Partir, finalement, c’est le plus important dans ce qu’on appelle voyager. La suite, on ne peut pas en dire grand-chose avant d’être rentrés. Et heureusement, la répulsion instinctive que j’éprouve en écoutant mes compagnons et compagnes comparant leurs programmes, les bons plans, les incontournables. Et pourtant, difficile d’y échapper. Celui-ci a son pass lui permettant de voir à bas prix et à tout prix tout ce qu’il y a à voir. Celle-ci et son itinéraire minuté, quadrillé, pour ne rien rater.
Dans le bus qui nous conduit à l’aéroport, mon seul objectif est de ne pas les entendre. Il y a à la fois de la jalousie et un peu d’envie. Ils sont prêts, dans les starting-blocks, visites chronométrées, restaurants réservés.
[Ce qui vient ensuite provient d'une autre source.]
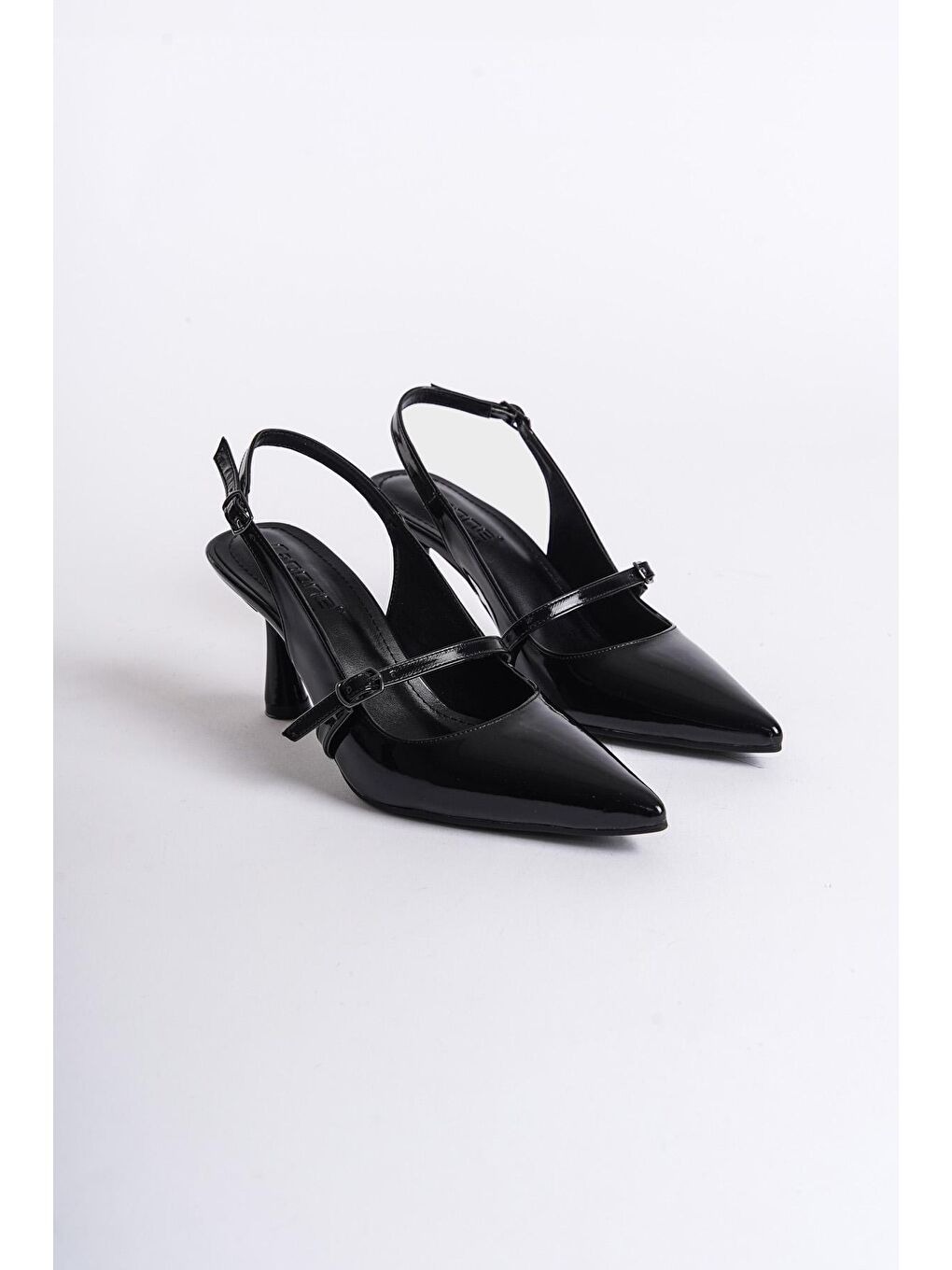 Siyah Arkası Açık Sivri Burunlu Orta Topuklu Kemerli Rugan  Kadın Ayakkabı-2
Mais ça, c’était avant, avant que l’exotisme ne m’envoûte. Parce qu’il est partout, l’exotisme — enfin, sauf là où on prévoit de le trouver.
Un graffiti sur les murs du musée contenant les joyaux de l’art. Des impacts de balle sur la façade d’un McDo. Cette femme, dans un train de banlieue, le soir, qui me parle de sa difficulté à faire valoir ses droits face à une police corrompue.
Donc finalement, je prends le minimum avec moi. Je veux dire le minimum de ce qui pourrait me distraire, me faire passer à côté de ce qui est vraiment important. On l’appelle parfois sérendipité, le fait de trouver ce que l’on ne cherche pas. Bien sûr, je suis allé saluer La Jeune Fille à la perle à La Haye, Le Printemps à Florence, les Caravage du MET. J’ai aussi raté tant d’incontournables.
Mais qui aurait pu prévoir ce ténor des rues de Florence tirant des larmes à ceux que les deux heures de file d’attente pour entrer dans le Duomo avaient rebutés ? Une visite de musée peut se transformer en une séance photo parmi les participants à la Baltic Pride. Il suffit d’être attentif à ce qui se passe. Le musée sera ouvert demain, mais cette jeunesse respirant la joie et la beauté n’est ici qu’ici et maintenant. J’ai tant de situations qui me viennent en tête que je ne vais pas en faire l’énumération ici. Je parlerai tout de même de cet Irlandais au milieu des vendeurs de souvenirs du pied de l’Acropole. Évidemment, il semblait un peu imbibé, mais ces figurines en fils électriques de couleur tiennent très bien leur place dans la vitrine de mon salon. Je terminerai cette liste en évoquant le plaisir de se faire tailler la barbe au milieu de ces Stambouliotes se préparant à l’Aïd.
Donc, ce matin, je pars et mon vœu serait de ne même pas savoir où je serai ce soir. Hélas, je suis un peu trop couard pour ça. Alors je sais où je vais, mais j’espère l’oublier pour enfin m’y noyer.